Methods, Algorithms and Software for Modeling Physical Systems,
Mathematical Processing and Analysis of Experimental Data

Participating Countries and International organizations:

Armenia, Belarus, Brazil, Bulgaria, Canada, CERN, China, Czech Republic, France, Georgia, Germany, Hungary, Israel, Italy, Japan, Kazakhstan, Lithuania, Moldova, Mongolia, Poland, Romania, Russia, Slovakia, South Africa, Switzerland, Tajikistan, United Kingdom, USA, Vietnam.

Issues addressed and main goals of research:

Carrying out paramount advanced research in computational mathematics and physics, directed to the creation of new mathematical methods, algorithms, and software for the numerical or symbolic-numerical solution of topics arising in experimental and theoretical physics studies.
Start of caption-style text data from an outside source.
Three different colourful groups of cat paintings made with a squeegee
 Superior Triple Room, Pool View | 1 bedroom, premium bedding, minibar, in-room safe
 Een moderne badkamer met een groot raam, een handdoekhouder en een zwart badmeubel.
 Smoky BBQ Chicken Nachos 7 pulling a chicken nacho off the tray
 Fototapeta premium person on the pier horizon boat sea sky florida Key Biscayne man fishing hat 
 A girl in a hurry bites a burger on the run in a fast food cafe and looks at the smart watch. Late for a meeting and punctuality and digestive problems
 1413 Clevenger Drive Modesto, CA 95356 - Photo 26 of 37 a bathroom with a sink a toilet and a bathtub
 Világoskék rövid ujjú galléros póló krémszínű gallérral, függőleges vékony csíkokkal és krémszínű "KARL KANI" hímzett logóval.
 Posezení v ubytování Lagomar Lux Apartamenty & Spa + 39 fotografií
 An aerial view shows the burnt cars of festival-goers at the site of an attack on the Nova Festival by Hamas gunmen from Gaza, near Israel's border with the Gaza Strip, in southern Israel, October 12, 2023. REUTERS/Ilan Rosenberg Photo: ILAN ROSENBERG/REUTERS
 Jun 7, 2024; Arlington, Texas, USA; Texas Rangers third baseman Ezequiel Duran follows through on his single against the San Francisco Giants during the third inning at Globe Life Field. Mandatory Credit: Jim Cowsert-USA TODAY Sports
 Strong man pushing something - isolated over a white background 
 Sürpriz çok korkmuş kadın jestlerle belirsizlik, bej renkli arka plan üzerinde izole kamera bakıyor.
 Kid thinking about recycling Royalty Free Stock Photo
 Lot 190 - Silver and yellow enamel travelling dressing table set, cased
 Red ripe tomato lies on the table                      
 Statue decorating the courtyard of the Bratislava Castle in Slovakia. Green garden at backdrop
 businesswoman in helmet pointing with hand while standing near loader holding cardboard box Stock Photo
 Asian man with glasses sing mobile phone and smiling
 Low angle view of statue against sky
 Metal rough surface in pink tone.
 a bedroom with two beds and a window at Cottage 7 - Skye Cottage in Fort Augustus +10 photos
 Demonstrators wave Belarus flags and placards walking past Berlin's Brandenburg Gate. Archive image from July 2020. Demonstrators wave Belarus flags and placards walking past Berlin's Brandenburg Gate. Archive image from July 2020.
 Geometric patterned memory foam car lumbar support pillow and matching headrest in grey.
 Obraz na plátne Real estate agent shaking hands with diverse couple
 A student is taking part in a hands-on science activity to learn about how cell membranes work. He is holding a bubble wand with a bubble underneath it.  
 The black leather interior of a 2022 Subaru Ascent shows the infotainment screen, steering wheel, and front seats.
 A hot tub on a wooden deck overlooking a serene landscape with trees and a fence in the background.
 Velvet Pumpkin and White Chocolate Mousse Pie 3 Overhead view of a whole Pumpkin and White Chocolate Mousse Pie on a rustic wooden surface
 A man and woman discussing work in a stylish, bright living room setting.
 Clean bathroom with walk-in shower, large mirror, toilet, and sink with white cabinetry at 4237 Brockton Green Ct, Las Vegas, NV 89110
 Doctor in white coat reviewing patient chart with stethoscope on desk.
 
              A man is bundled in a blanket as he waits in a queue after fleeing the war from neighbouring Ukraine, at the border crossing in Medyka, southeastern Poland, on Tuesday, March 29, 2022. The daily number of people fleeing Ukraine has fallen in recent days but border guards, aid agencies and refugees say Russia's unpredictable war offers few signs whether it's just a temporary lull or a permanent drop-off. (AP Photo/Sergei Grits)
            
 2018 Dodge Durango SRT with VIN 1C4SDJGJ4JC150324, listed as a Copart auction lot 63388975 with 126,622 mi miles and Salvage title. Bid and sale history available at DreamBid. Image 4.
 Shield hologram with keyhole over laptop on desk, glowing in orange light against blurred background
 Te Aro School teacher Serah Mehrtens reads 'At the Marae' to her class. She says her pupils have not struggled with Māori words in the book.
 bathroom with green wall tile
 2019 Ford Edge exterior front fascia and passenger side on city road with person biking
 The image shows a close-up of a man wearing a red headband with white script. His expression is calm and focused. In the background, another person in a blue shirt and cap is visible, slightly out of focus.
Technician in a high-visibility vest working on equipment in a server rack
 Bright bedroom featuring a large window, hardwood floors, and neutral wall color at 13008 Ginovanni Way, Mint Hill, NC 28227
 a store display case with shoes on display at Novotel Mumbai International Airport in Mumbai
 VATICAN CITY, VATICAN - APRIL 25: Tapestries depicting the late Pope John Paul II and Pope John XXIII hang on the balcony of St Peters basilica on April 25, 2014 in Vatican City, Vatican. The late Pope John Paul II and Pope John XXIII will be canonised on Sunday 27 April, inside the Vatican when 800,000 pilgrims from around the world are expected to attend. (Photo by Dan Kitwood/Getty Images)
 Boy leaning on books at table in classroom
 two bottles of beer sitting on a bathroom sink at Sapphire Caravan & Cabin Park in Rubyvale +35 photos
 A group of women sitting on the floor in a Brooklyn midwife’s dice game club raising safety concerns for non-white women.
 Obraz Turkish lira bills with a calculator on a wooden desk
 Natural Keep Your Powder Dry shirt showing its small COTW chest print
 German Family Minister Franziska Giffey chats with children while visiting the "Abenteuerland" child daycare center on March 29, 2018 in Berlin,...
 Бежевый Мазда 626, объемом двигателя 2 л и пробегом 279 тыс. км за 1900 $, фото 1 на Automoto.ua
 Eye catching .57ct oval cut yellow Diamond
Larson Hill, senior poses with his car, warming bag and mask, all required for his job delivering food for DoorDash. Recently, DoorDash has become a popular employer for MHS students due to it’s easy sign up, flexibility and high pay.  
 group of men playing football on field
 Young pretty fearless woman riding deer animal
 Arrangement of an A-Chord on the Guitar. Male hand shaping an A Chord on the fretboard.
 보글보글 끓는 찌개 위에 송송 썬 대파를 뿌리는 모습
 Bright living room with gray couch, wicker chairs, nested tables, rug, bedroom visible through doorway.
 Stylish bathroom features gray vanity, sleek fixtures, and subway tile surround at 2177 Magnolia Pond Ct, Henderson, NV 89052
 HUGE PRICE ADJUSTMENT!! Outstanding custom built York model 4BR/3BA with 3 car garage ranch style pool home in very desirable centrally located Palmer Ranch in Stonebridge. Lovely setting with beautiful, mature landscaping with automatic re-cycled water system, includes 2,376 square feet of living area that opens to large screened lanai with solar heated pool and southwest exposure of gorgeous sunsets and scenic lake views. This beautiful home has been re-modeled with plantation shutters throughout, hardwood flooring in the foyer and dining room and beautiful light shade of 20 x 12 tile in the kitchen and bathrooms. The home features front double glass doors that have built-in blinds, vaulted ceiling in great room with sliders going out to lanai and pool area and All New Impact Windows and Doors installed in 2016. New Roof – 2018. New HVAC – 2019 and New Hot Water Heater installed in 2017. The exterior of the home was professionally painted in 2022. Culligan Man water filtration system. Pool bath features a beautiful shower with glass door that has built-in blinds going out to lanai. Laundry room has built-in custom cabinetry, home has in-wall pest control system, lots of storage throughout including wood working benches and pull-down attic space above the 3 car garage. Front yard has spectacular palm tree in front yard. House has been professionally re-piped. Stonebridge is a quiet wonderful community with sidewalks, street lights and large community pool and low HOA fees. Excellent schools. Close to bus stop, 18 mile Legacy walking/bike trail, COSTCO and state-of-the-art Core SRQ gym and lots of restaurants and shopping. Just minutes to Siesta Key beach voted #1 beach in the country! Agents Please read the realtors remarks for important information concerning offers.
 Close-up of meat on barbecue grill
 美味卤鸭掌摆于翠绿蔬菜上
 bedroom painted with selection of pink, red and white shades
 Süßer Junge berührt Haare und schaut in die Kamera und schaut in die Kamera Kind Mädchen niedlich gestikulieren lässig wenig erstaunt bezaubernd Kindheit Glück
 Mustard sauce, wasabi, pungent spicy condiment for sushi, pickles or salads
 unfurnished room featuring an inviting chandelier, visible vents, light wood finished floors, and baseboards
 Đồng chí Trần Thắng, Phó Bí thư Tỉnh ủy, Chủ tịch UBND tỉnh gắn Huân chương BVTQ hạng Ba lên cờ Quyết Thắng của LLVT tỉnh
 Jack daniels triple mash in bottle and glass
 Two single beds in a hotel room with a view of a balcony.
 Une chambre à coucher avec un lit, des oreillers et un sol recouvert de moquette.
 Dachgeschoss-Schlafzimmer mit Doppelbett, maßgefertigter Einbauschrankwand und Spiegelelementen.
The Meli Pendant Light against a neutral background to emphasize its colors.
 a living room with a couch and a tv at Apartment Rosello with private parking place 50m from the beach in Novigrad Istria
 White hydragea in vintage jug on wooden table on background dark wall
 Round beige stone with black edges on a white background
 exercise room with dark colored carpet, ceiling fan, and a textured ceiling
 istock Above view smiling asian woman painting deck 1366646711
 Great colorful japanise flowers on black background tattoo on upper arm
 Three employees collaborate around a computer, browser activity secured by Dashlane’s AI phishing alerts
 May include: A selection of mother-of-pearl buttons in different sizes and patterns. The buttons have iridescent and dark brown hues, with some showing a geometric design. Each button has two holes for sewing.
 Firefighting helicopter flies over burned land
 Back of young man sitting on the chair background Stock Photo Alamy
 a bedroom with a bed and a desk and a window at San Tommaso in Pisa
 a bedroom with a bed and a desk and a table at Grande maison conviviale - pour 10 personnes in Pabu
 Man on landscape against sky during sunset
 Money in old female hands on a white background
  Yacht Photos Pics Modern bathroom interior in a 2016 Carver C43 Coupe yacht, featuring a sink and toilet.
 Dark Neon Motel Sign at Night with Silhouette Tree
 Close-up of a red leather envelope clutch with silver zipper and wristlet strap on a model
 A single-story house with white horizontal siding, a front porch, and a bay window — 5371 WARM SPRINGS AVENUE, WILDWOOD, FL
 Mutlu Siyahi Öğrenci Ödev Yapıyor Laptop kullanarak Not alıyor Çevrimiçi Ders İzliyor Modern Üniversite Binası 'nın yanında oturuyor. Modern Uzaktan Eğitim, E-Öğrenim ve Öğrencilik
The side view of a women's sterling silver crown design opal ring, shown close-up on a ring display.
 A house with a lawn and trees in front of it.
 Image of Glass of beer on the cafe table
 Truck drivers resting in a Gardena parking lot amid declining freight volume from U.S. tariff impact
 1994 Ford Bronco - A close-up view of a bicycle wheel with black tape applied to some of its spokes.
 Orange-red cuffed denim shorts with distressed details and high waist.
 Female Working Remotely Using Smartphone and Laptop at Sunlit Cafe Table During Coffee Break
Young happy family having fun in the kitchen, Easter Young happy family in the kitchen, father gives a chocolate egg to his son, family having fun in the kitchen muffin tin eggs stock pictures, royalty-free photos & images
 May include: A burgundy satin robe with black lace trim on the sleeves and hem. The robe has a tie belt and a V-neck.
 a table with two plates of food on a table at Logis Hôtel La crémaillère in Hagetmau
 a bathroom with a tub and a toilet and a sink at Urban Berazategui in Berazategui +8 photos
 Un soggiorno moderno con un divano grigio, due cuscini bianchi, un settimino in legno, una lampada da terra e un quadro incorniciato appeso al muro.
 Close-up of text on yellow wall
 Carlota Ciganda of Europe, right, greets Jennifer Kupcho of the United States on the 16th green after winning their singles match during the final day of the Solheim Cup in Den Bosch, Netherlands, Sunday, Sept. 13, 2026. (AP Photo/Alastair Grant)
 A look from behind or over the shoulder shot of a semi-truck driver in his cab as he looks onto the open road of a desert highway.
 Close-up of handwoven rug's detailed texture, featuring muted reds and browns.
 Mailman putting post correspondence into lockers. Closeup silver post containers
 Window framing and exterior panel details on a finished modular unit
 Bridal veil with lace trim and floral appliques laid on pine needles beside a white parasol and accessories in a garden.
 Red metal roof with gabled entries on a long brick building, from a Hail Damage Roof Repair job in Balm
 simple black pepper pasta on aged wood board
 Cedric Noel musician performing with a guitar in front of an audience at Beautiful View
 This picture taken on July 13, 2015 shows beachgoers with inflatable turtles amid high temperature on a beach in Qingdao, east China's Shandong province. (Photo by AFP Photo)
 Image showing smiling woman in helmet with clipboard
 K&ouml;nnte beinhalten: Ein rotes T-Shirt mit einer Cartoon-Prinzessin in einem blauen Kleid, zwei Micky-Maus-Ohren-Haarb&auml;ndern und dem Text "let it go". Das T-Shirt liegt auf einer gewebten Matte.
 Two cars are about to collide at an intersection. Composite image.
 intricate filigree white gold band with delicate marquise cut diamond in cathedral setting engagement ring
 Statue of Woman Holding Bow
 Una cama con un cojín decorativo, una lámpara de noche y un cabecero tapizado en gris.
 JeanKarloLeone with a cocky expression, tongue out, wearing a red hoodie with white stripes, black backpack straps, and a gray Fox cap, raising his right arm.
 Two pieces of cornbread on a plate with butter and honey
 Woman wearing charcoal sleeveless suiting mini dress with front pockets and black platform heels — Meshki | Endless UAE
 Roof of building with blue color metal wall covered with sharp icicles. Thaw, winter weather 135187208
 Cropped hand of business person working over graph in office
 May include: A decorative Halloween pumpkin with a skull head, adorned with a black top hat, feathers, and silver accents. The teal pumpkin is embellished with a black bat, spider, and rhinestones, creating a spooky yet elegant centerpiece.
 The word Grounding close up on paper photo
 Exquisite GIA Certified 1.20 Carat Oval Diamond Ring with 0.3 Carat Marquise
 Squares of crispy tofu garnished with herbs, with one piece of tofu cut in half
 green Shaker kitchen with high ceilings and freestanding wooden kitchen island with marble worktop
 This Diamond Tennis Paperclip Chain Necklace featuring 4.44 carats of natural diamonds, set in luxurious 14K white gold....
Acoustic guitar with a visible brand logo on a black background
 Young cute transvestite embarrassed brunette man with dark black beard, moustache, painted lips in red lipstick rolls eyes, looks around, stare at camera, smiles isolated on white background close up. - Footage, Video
This subject area includes a wide spectrum of investigations approved for completion in JINR within the seven year period 2017–2023 in high energy physics, nuclear physics, physics of condensed matter and of nanostructures, biophysics, information technologies, the solution of which is inseparable from the use of computing. Such subject matters of the outmost importance in JINR are the NICA project, the neutrino program, the superheavy and exotic nuclei physics, the neutron based investigations. The needed numerical or symbolic-numerical computing will be done on the Multifunctional Information and Computing Complex (MICC), primarily the HybriLIT heterogeneous computing platform which involves the training and test cluster HybriLIT and the "Govorun" supercomputer and the emerging Big Data distributed infrastructure. The research teams include both experienced scientists with outstanding scientific achievements and enthusiastic young scientists and engineers. The requested financing will cover salaries, participations in scientific conferences, scientific visits and the acquisition of a minimal number of personal computers and licenses, within the approved resources for LIT-JINR. A distinctive feature of this research is the close cooperation of the Laboratory of Information Technologies (LIT) with research groups from all JINR laboratories and Member State institutions.

Expected main results in the current year:

• Three-dimensional computer simulation of superconducting magnets for the NICA (JINR) and FAIR (GSI) projects. Construction of maps of the magnetic field distributions in the working areas of the magnets with a view to their further application to simulate physical processes.

Solution of non-standard magnetostatics problems arising due to ROT asymmetry in the fission of heavy nuclei.

COMSOL Multiphysics based development of a comprehensive model of an isochronous cyclotron.

Development of a mathematical model and calculation of beam dynamics in isochronous cyclotrons based on the use of equations of motion.

Mathematical modeling of magnetic fields in the study of polarization phenomena and spin effects.

Generalization of the Nambu–Jona-Lasinio model with Polyakov loop enabling analysis of available experimental data on the collision of heavy ions at the NICA energy range.

Modeling radiation induced changes in structures with defects in the framework of the molecular dynamics method. 

Numerical simulation of effects produced by double femtosecond laser pulses on targets of various compositions.  

Numerical modeling of magnetization reversal in nanomagnetic materials using the chirping effect.

Computer modeling of quantum solids with dislocations exhibiting superfluid properties.

Investigation of nuclear physics processes within the hybrid microscopic potential using various density models of colliding nuclei.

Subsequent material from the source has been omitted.